Easterly cree que las trampas de pobreza no existen y que la raíz del problema son las instituciones. Mientras en el Tercer Mundo no dispongan de estados de derecho funcionales y sigan tiranizados por unas élites extractivas, que se apropian de los beneficios de los emprendedores con cargas fiscales confiscatorias o, directamente, mediante la rapiña, nadie tendrá interés en ahorrar o invertir, en innovar o adoptar nuevas tecnologías.

La trampa de la malaria

Banerjee y Duflo no comparten el pesimismo de Easterly. Creen que las trampas de pobreza no son un invento de Sachs y las ONG para captar subvenciones. «En Costa de Marfil o Zambia», razonan, «al menos el 50% de la población está expuesta a la malaria y la renta per cápita representa un tercio de la de otras regiones donde la enfermedad se ha erradicado. Y como Costa de Marfil y Zambia son más pobres, es más difícil que adopten medidas para prevenir la malaria, lo que a su vez las mantiene en la pobreza». Esta es una clara trampa y, para sortearla, bastaría algo tan básico como una partida de mosquiteros.

Pero igual que sucede con otras soluciones baratas, como las pastillas para potabilizar pozos y erradicar la plaga letal de las diarreas infantiles, resulta que cuando se las suministras a muchos africanos e indios, apenas las usan. Algunos expertos sostienen que habría que cobrárselas, porque de ese modo apreciarían su valor, pero los experimentos controlados revelan que no es cierto. Es mejor regalarlas, aunque tampoco supone una diferencia decisiva. «Los pobres», concluyen tristemente Banerjee y Duflo, «no parecen dispuestos a sacrificar muchos recursos o mucho tiempo para obtener agua limpia, mosquiteros […] o harina enriquecida».

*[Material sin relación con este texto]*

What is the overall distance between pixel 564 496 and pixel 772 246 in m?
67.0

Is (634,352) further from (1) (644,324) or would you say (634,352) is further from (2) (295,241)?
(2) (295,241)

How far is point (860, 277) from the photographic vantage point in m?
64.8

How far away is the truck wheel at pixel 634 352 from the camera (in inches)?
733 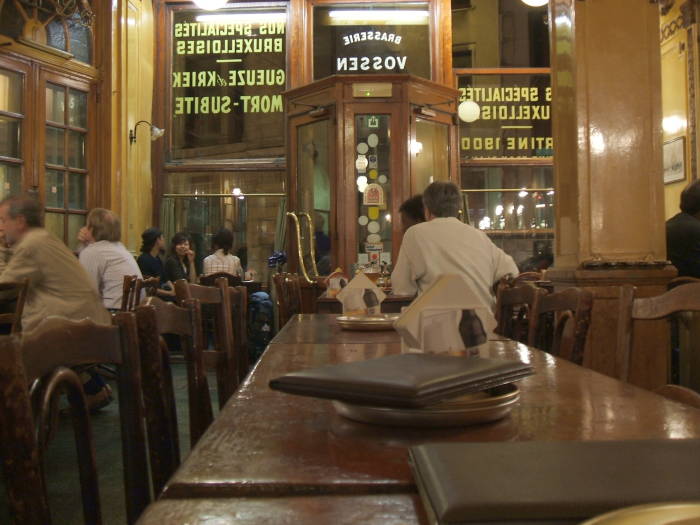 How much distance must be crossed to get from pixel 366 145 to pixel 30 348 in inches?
256

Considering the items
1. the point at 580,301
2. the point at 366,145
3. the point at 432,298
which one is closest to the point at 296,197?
the point at 366,145

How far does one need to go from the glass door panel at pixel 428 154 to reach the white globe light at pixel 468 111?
0.85m

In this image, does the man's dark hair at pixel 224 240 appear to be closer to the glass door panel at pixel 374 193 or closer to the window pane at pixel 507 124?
the glass door panel at pixel 374 193

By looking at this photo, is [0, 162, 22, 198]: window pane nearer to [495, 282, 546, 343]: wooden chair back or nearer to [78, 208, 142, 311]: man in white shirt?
[78, 208, 142, 311]: man in white shirt

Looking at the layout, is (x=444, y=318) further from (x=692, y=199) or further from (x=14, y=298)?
(x=692, y=199)

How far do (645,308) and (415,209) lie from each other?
2.83m

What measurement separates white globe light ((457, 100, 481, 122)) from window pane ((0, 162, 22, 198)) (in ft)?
15.4

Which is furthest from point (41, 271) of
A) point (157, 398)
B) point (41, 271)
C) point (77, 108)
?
point (77, 108)

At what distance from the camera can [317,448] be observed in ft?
2.92

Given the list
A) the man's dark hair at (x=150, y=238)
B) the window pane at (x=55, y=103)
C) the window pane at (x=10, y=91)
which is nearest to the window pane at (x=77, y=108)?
the window pane at (x=55, y=103)

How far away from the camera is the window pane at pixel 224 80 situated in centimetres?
890

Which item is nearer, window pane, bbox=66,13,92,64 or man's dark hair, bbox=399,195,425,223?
man's dark hair, bbox=399,195,425,223

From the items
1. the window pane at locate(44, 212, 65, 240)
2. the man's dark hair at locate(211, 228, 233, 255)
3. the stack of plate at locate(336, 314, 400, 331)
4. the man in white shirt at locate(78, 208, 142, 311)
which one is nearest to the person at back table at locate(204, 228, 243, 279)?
the man's dark hair at locate(211, 228, 233, 255)

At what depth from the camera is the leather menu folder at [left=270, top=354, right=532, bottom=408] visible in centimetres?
91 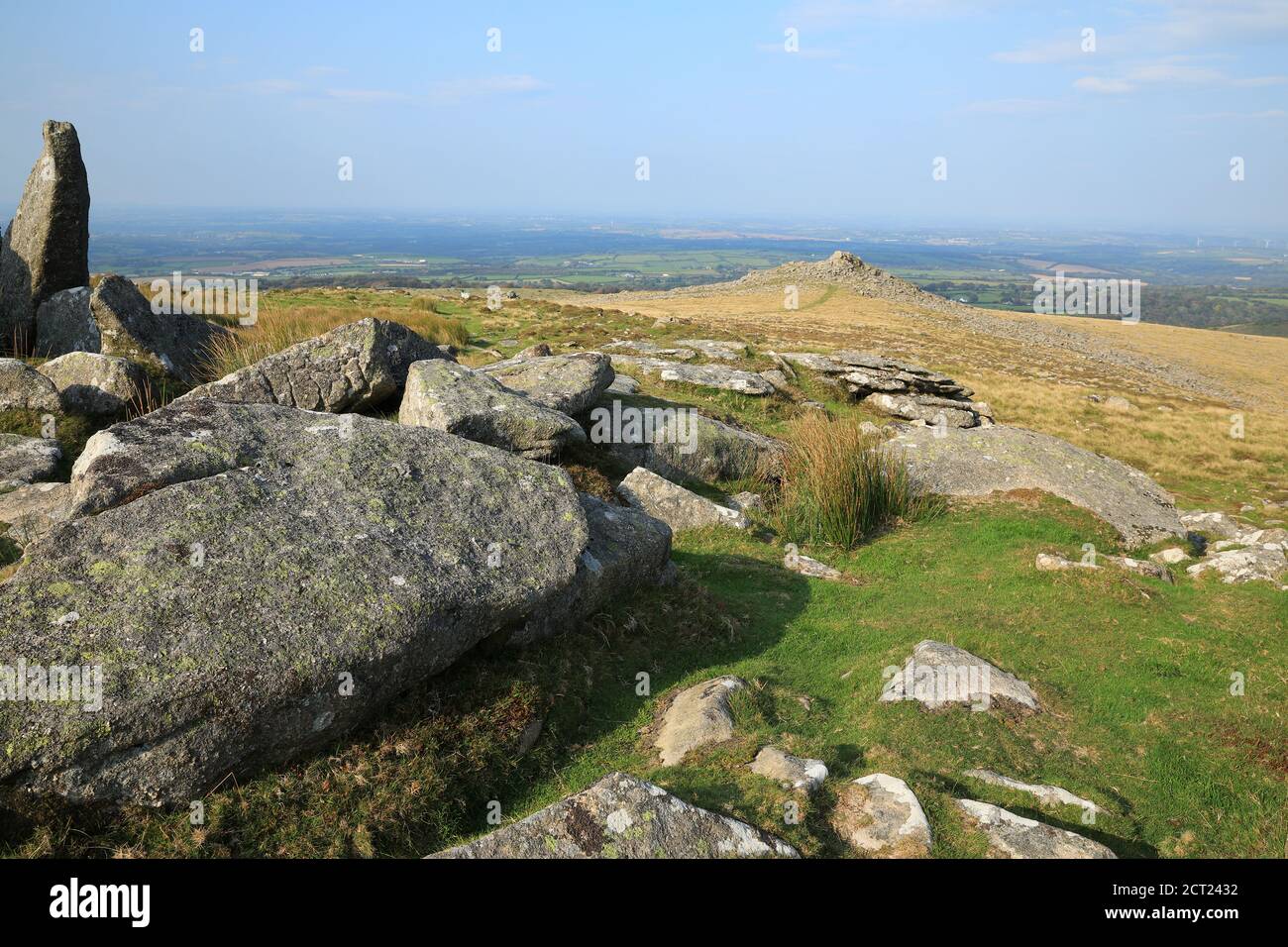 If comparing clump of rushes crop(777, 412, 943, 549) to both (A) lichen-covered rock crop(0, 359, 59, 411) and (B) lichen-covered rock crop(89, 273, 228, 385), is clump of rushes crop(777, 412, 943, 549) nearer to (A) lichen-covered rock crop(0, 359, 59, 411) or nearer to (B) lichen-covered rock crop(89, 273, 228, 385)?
(B) lichen-covered rock crop(89, 273, 228, 385)

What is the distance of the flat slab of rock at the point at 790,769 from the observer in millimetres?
6508

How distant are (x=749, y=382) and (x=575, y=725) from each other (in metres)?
17.0

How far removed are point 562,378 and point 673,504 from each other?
413 cm

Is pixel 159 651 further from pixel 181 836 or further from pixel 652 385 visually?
pixel 652 385

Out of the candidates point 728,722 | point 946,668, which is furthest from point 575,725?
point 946,668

O sea, las trampas de pobreza existen, pero un empujón de dinero no va a sacar a la gente de ellas.

Ser pobre es muy duro

En La carga del hombre blanco, Easterly habla de mosquiteros que se usan como velos de novia. También hay casos de retretes convertidos en tiestos y de preservativos inflados como globos para decorar fiestas de cumpleaños. Cuando escuchas estas cosas inevitablemente te planteas si el subdesarrollo no estará en la mente, pero Banerjee y Duflo nos invitan a ser más comprensivos con los desafíos cotidianos que afronta un pobre.

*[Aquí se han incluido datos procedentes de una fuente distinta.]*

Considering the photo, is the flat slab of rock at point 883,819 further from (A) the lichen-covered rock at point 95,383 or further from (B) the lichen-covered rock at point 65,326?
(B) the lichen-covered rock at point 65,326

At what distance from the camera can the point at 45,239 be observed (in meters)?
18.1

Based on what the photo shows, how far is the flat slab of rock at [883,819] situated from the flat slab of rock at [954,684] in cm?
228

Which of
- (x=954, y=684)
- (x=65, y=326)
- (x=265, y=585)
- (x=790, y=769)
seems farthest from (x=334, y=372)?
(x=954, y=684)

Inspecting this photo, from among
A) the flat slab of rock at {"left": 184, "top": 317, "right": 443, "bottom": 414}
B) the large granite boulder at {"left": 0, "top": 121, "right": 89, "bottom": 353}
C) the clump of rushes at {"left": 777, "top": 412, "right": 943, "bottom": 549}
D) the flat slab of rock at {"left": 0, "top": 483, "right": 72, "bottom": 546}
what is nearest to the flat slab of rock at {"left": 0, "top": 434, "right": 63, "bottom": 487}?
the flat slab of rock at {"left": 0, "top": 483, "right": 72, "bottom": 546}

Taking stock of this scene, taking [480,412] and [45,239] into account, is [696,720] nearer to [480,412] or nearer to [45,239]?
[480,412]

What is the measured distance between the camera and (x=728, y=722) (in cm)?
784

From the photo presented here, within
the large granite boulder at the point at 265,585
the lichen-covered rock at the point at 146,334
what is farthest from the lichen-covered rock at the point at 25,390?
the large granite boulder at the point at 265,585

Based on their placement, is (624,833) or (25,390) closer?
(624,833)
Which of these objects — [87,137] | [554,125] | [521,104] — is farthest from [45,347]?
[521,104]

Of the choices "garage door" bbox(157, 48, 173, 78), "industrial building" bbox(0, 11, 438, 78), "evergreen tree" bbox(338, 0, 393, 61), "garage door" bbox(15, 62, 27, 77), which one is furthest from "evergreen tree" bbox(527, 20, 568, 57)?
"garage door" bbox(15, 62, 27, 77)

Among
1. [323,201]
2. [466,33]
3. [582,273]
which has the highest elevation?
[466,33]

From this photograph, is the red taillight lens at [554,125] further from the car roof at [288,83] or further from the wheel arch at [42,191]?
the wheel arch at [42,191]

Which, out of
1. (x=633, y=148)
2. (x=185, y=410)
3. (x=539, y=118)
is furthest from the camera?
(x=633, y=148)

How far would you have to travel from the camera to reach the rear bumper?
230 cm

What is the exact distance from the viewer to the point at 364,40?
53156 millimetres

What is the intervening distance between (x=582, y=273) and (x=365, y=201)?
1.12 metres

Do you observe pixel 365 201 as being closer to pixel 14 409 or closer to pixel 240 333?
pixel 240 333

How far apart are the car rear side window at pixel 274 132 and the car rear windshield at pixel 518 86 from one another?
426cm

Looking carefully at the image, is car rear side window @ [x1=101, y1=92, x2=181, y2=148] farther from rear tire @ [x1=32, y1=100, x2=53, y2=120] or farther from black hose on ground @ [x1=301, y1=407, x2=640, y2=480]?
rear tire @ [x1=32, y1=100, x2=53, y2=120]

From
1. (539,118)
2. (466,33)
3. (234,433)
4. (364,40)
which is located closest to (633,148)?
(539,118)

«Cuanto más rico eres, más decisiones acertadas toman por ti», argumentan. «Los pobres no tienen traídas de agua y, por tanto, no se benefician del cloro que el ayuntamiento vierte en los depósitos. Si quieren beber agua limpia, deben depurarla por su cuenta. No hay supermercados con cereales preparados y enriquecidos, así que tienen que cerciorarse cada mañana de que sus hijos ingieren los nutrientes suficientes. No disponen de sistemas automáticos de ahorro (como los planes de pensiones o las contribuciones obligatorias a la Seguridad Social), por lo que han de recurrir a otros mecanismos. Estas decisiones son difíciles para cualquiera. Requieren asumir hoy un coste cuyas ventajas no se verán hasta un futuro remoto, y es inevitable caer en la procrastinación».

Todo esto, señalan Banerjee y Duflo, no debe desanimarnos. Existen mecanismos que permiten a los pobres a tomar buenas decisiones. «La sal enriquecida con hierro y con yodo podría abaratarse tanto que todo el mundo la comprara. Las cuentas de ahorro (que convierten en una operación sencilla el ingreso de efectivo y en otra algo más complicada su retirada) deberían generalizarse […]. Debería ponerse un dispensador de cloro junto a cada fuente».

Lo ideal sería, por supuesto, que todos los habitantes del planeta vivieran bajo gobiernos honestos y democráticos, pero, mientras esa revolución llega, no podemos quedarnos mano sobre mano. Pensemos en la niña con la que arrancaba este artículo. Después de escuchar educadamente cómo el señor le decía que su esfuerzo no iba a cambiar nada, recogió otra estrella, la arrojó al mar y le dijo: «Pues a esa estrella sí le ha cambiado algo».